15. The pharmaceutical composition or kit according to claim 12, wherein the degenerative spinal disease is a disc herniation.

16. A pharmaceutical composition or kit according to one of claims 1 to 11 for use in the treatment of autoimmune diseases.

17. The pharmaceutical composition or kit according to claim 16, wherein the autoimmune disease is neurodermatitis or alopecia areata.

18. Pharmaceutical composition or kit according to one of claims 1 to 17, wherein the pharmaceutical composition is suitable for topical administration.

19. The pharmaceutical composition or kit according to claim 18, wherein the topical administration is selected from the group consisting of: injection in the affected body region, in particular in the affected joints, on the affected nerve roots or in the affected intervertebral discs or in their local environment; intra-articular injection; and external application.

20. Pharmaceutical composition or kit according to one of claims 1 to 19, wherein the pharmaceutical composition further comprises a carrier and/or an excipient.

21. Pharmaceutical composition or kit according to one of claims 1 to 20, wherein a cytokine antagonist is present and is selected from: interleukin antagonists, particularly IL-1 antagonists such as IL-1Ra, Tumor Necrosis Factor (TNF) antagonists, particularly TNF- α -antagonists such as anti-TNF- α -antibodies, interferon antagonists and chemokine antagonists.

22. Pharmaceutical composition or kit according to claim 21, wherein the cytokine antagonist is a naturally occurring or recombinant IL-1 Ra-protein, in particular Orthokin or anakinra.
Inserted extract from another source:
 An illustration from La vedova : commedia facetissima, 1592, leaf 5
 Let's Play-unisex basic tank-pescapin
23. The pharmaceutical composition or kit according to claim 21 or 22, wherein the cytokine antagonist is present in the pharmaceutical composition comprising the cytokine antagonist at a concentration of 0.5-150 mg/dose.
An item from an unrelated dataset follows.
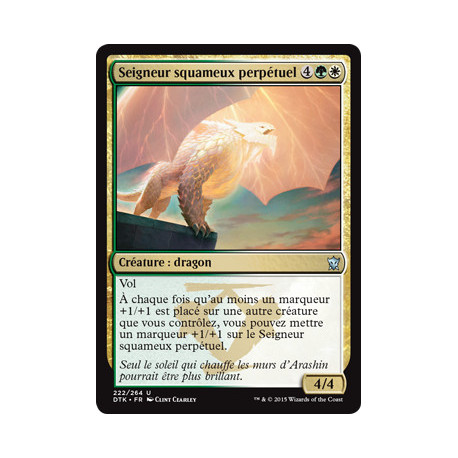 (Foil) Multicolore - Seigneur squameux perpétuel (U) [DTK]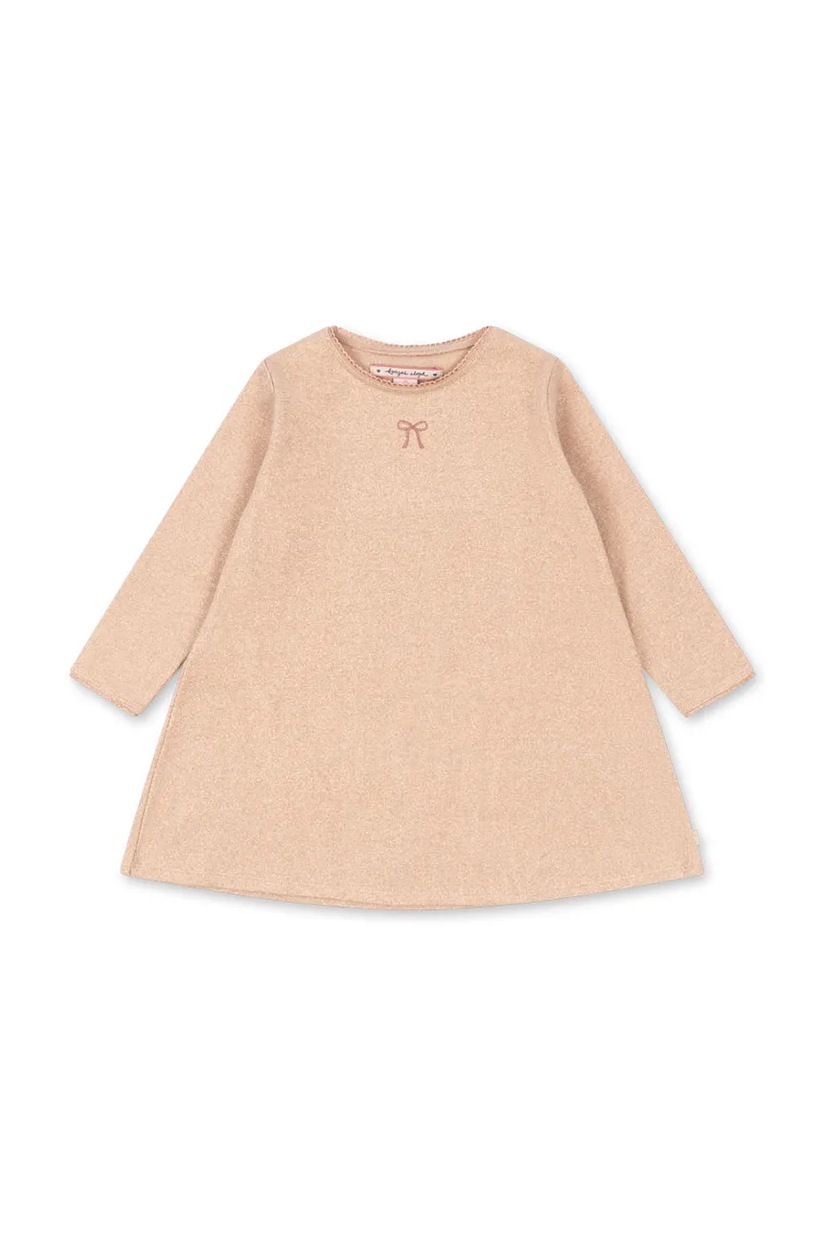 Vestitino In Maglia Di Cotone GUESS Per Bambina – Tinta Unita, Girocollo, Maniche Corte, Qualità Garantita – Art. J5BK03 Z3K10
24. Pharmaceutical composition or kit according to one of claims 1 to 23, wherein a growth factor is present and is selected from the group consisting of: TGF-beta, IGF, BMP, HGF and VEGF.

25. Use of exosomes in the presence or absence of cytokine antagonists and/or growth factors for the preparation of a pharmaceutical composition for use in combination therapy with a corticosteroid.

26. Use of a corticosteroid in the presence or absence of a cytokine antagonist and/or a growth factor for the preparation of a pharmaceutical composition for use in combination therapy with an exosome.

27. A process for preparing a pharmaceutical composition comprising a corticosteroid and exosomes, comprising the steps of: a blood sample containing exosomes is provided, preferably concentrated, and mixed with a corticosteroid.